See the Color Film section above for information on the Focus, Grain, and Tonality settings.

Black and White Films

All black and white films except Agfa Scala are print films. The process of creating a black and white print offers a huge amount of flexibility in manipulating everything from contrast to grain to sharpness. As a result, the black and white film settings we provide are just a starting point. Don’t be afraid to crank up the grain on Tri-X 400 so it looks like you remember and save your own version. Here are a few of the more interesting films.

Agfa Scala

This recently discontinued film was the only black and white slide film. It provides more detail throughout the tonal range, especially shadows, than most of the other black and white films.

Kodak TRI-X 400

This medium speed film has noticeable grain that many photographers love. Try using the Push slider in the Grain tab to get the look of a photographer dealing with low light conditions.

Kodak T-MAX P3200

This is the grainiest film in the list. If you want an artistic gritty look, try this one.

Color Sensitivity

These settings show off Exposure’s ability to adjust the way a color image is converted to black and white. Fiddle with the Red, Green, Blue sliders in the Color tab to see the wide range of results you can get. These settings show some common channel weights.

Mostly Red
This is the most common channel weighting throughout the factory settings in Black and White Film. It makes human skin brighter. Other weightings sometimes make people look dull.

Color Toning

These are simulations of the difficult color toning processes done in dark rooms. These settings are a good introduction to the controls at the bottom of the Color tab.

Selenium - Warm/Cool
This is a popular setting for showing multiple toning colors. Shadows are warm (brown) and highlights are slightly cool (blue).

Infrared

Exposure 2 has vastly improved infrared film simulation that can look spectacular. These settings are mostly using sliders in the IR tab and Tone tab.

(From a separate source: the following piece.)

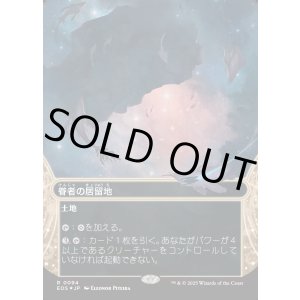 画像: 【ギャラクシーFoil】【星景】【日本語版】眷者の居留地/Bonders' Enclave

These settings can be finicky because they require a very high quality input image (from Raw format is best) that has a lot of blues and greens. If you use a JPEG image, you may end up with blocky artifacts. It’s worth the effort though, because the results can be ethereal and beautiful.

Kodak HIE
This is the infrared film that everyone remembers. HIE is the one that most intensely brightens plants (greens), darkens skies (blues), and has a glow around bright areas (halation).

Fog

If you just want the glow around bright areas, but don’t want to simulate the “wood effect” of brightened plants, try these settings. They are similar to the Focus/Glamour Shots effects, but only have a glow around bright objects.